Color Riot! at the Montclair Art Museum
Textile lovers in the northeast should absolutely add a visit to the Montclair Museum of Art to their holiday break to-do list. Their featured exhibit, Color Riot! How Color Changed Navajo Textiles closes on January 2, 2022. This exhibit, which originally opened at the Heard Museum in Phoenix, is a breathtaking collection of Navajo (Diné) textiles. It features the work of contemporary artists weaving in traditional techniques alongside work from the period of time known as the Transitional Period (1865 – 1895).
What is the Transitional Period?
The history of this time period is rich, sad, and difficult to sum up briefly. It begins with the end of one of the Navajo people’s darkest moments, their imprisonment in the Bosque Redondo. A treaty was signed in 1868 releasing the Navajo people from their exile and moving them to a reservation on land that had once been their home. This treaty also included provisions for replenishing their sheep stock and funded a decade of annuity goods which included weaving supplies such as commercially spun yarns colored with aniline dyes from a facility in Germantown, Pennsylvania.
During their exile, the weavers wove. They experimented with yarns new to them and while weaving in such close proximity, knowledge was shared among the weavers. Upon their release, these weavers kept weaving, now with an influx of new materials in stunning, vivid colors. There was also a new interest in their textiles from an outside market. This collision spawned an era of unbelievable creativity. Their textiles became an absolute riot of color.
Color Riot Textiles
The textiles in this exhibition show a wide range of styles, techniques, and materials. They show how synthetic dyes opened the door to wild experimentation with color. Yet there are also beautiful examples made with the natural dyes of their land. These textiles are not just for fiber lovers, their compositions are modern and exciting. They are all sophisticated pieces of modern art. Though many textiles created during this period were intended to be sold, weavers were designing their own textiles. They were not yet designing purely to appease the design direction of the traders.

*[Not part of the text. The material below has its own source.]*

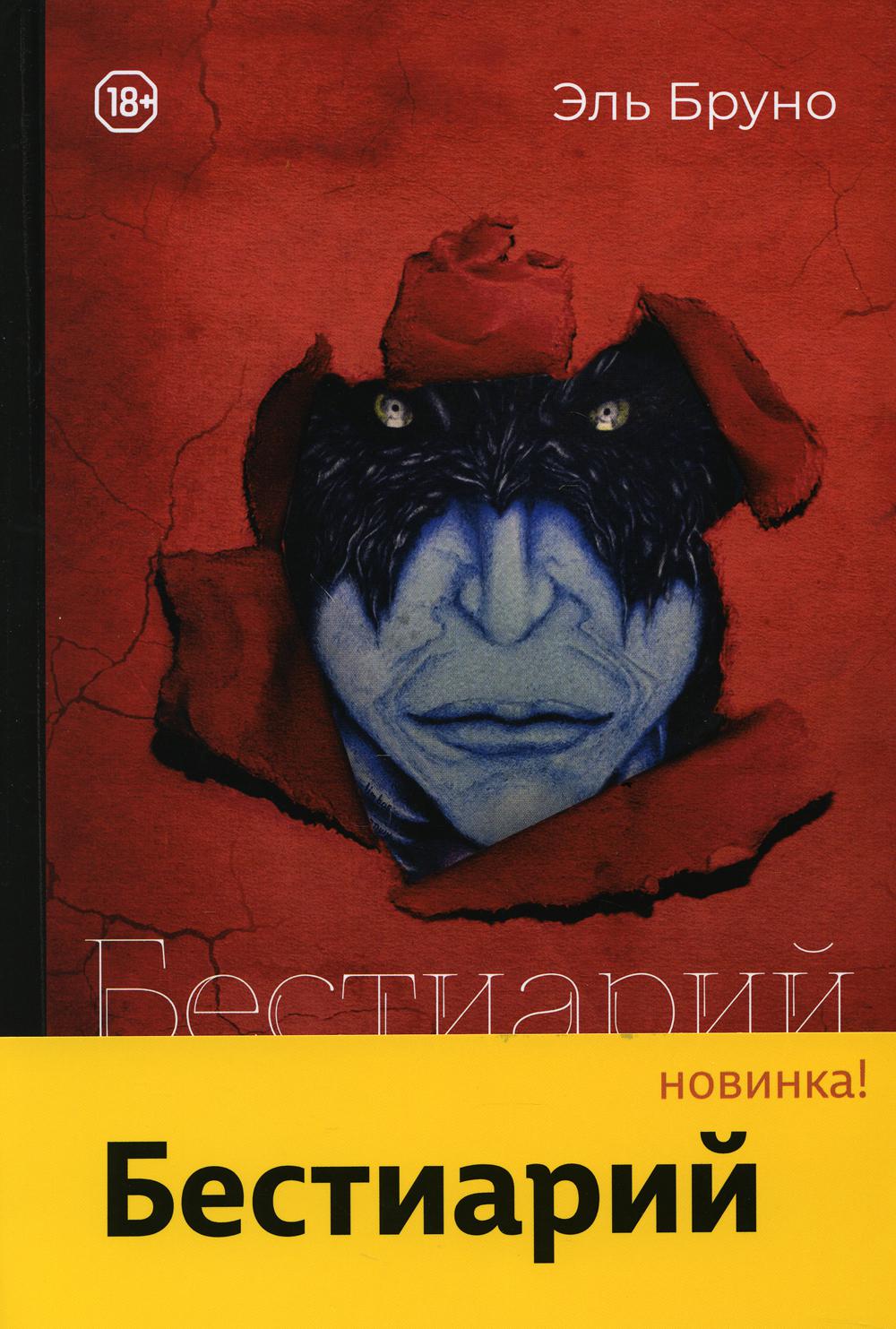 фото Книга бестиарий издание книг.ком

There is so much to learn about these textiles and there is no better way to start learning than to see them in person. Montclair Museum of Art is located in Montclair, New Jersey. The exhibit runs through January 2, 2022. (Pro tip: enter from the downstairs entrance and the first piece of art you will see is a piece from the museum’s permanent collection by Sheila Hicks.) There is also an inspiring catalog of the exhibit available for sale. (Not an affiliate link, we just think the book is a must in any textile library.)